Texan televangelist John Hagee called same-sex marriage supporters “counterfeit Christians.” A pastor in Tampa, Florida refused to perform a funeral service when he learned the deceased man had been gay, because that would have been “blasphemous.” And Pastor Steve Washburn of First Baptist Pflugerville, Texas, is warning that pastors will be imprisoned for speaking out in favor of same-sex marriage. And that was just this week.
Certain church leaders certainly seem to be re-prioritizing Jesus’ to-do list. They’ve decided to ignore the Bible’s minor points, like turn the other cheek and that whole Golden Rule thing. Also, they’re not going to worry so much about the poor. These shepherds, instead, demonstrate their love for Jesus Christ by hating on homosexuality. They instruct their flock by broadcasting messages of homophobia—literally—on church signs and marquees. Here are some of the worst church signs preaching against brotherly love.
1. Ménage a trois with God. This sign, which was placed in front of the Devon Park United Methodist Church polling site in Wilmington, North Carolina, may go down in history for being the first, and probably only, religious sign to push a threesome as an alternative to same-sex marriage. The sign’s message is so urgent, no time or plastic could be spared for punctuation: “A true marriage male and female and god.” The takeaway? Marriage exists between one man and one woman and the omnipresent voyeur known as god.
2. God good, gays bad! In this sign, on display at the Santa Clara Jesus Is Lord Baptist Church in California, the beauty is in its simplicity: “God is good/Gays are bad/vote Yes on Prop Eight.” If only all get-out-the-vote initiatives were this straightforward and Manichean, voting rates would go through the roof. Prop 8, the statewide ballot proposition in California to ban same-sex marriage, brought together churches, synagogues, Mormons, Catholics, evangelicals and Orthodox Jews, who were able to put aside their religious differences and come together in a beautiful interfaith collaborative effort to strip people of their civil rights. Because, at the end of the day, we may call him different names, but we all believe in the same god, who happens to be very homophobic.

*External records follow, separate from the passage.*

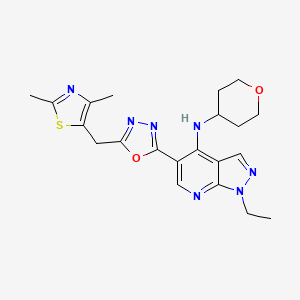 molecular formula C21H25N7O2S B1672383 1H-吡唑并(3,4-b)吡啶-4-胺，5-(5-((2,4-二甲基-5-噻唑基)甲基)-1,3,4-恶二唑-2-基)-1-乙基-n-(四氢-2H-吡喃-4-基)- CAS No. 720704-34-7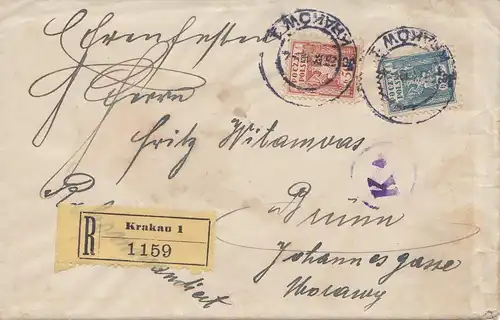 Polen: 1919: Einschreiben Krakau nach Brünn mit Briefinhalt
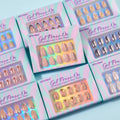 Private Label Short Square Almond 3D French Tip Custom Press on Nails En Gel Wholesale Soft Gel Fake Artificial Nails Press on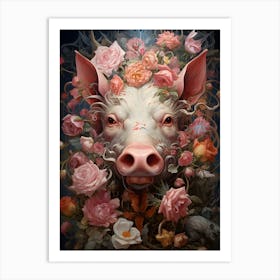 Pig In Roses Art Print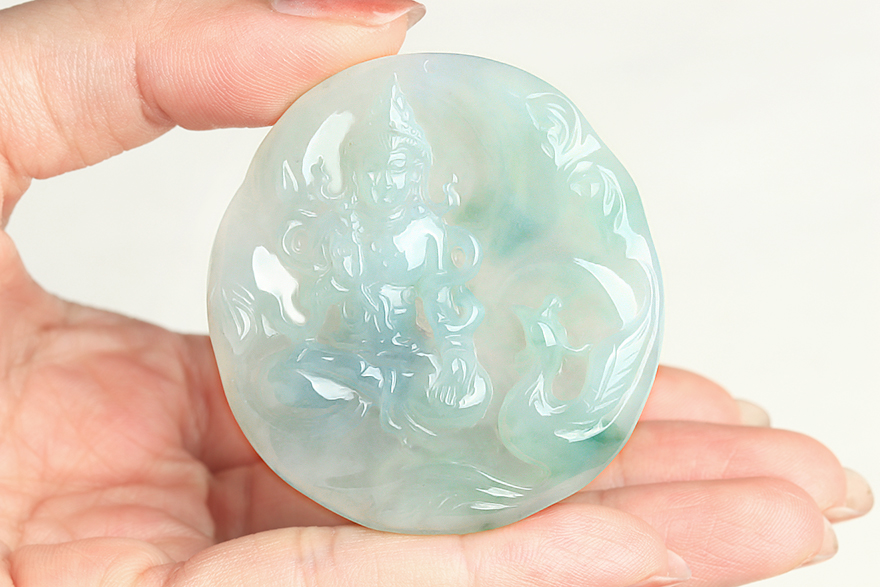 源头好货四会拍卖天然翡翠a货老坑冰糯种观音吊坠24.68克一元拍卖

3. Homophobic haiku. This short and catchy “Gay Is not Okay” sign appeared outside of Fort Des Moines Church of Christ in South Des Moines, Iowa. Pastor Mike DeMastus was merely using the church’s illuminated marquee to advertise the theme of his upcoming Sunday sermon, something he does for every sermon every week. Besides being an effective promotional tool, the minimalist text is just 12 syllables shy of being a homophobic haiku.

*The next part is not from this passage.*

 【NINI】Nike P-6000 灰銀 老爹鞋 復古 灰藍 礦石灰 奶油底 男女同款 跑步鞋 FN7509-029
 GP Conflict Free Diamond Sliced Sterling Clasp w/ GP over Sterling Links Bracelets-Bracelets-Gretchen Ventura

Lest you fear DeMastus is intolerant, he’s the victim of intolerance from gay people who don’t want to accept his rejection of their lifestyle. Calling out the alleged hypocrisy, the pastor said, “This is the community that cries wanting us to be tolerant and I said gay is not okay, I didn’t say gays are not okay.” For DeMastus, homosexuals are no worse than other people who commit sins and must repent: “They are no different than an adulterer, or cheater, or liar. They’re sinners, just like me…that was the intention of the message, but it got muddied up real quick.” In other words, gays aren’t an abomination. But what they do is. So, what’s the big deal? These LGBT bullies even organized a protest at the church, and demonstrated their intolerance of hatred, homophobia, bullying, and suicide.
4. Some of my best friends are sinning gays. This sign, gracing the front the Seagate Chapel Church in Wilmington, North Carolina, says, “God loves gays but he hates a perverted life style—turn or burn.” If you can’t find the phrase in Romans 1-26-27, that’s probably because it isn’t there. Anna Benson, who made the sign, must have taken some liberties paraphrasing. But before you cry homophobe, you should know that Benson is a total LOG (Lover of Gays). She defended the sign, saying, “I love the gays.” Regardless of your feelings, I think we can all agree that the “turn or burn” rhyme is pretty brilliant. This is yet another example of the church trying to cozy up to the state, since this sign was part of the successful effort to pass the North Carolina Same-Sex Marriage Amendment, which limited not only marriage, but domestic partnerships, to between one man and one woman.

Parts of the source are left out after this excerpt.